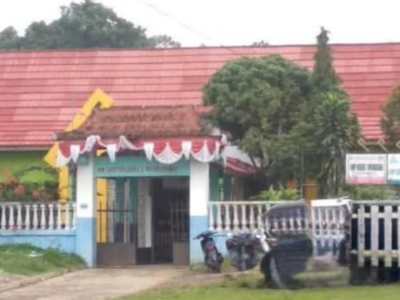 Realisasi Dana BOS SMPN 1 Wonosobo Tanggamus Tahun 2023-2024 Disinyalir Terjadi Mark Up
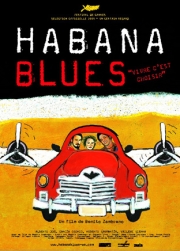 Habana Blues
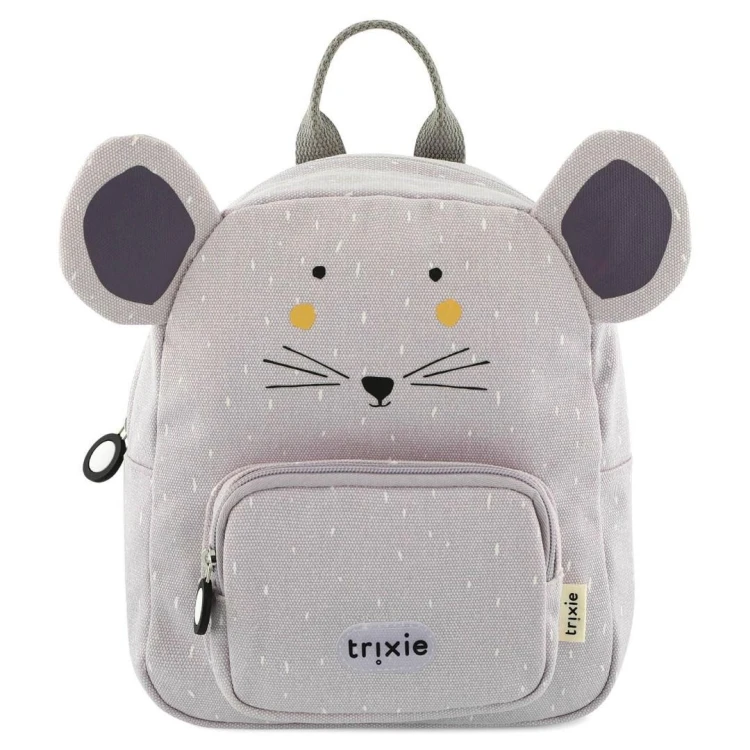 Plecak Mysz, Trixie Baby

====================

WORK TASK | Without the pictures, write out all of the material exactly.

EXERCISE RESPONSE |
 Realisasi Dana BOS SMPN 1 Wonosobo Tanggamus Tahun 2023-2024 Disinyalir Terjadi Mark Up
 Habana Blues
 Plecak Mysz, Trixie Baby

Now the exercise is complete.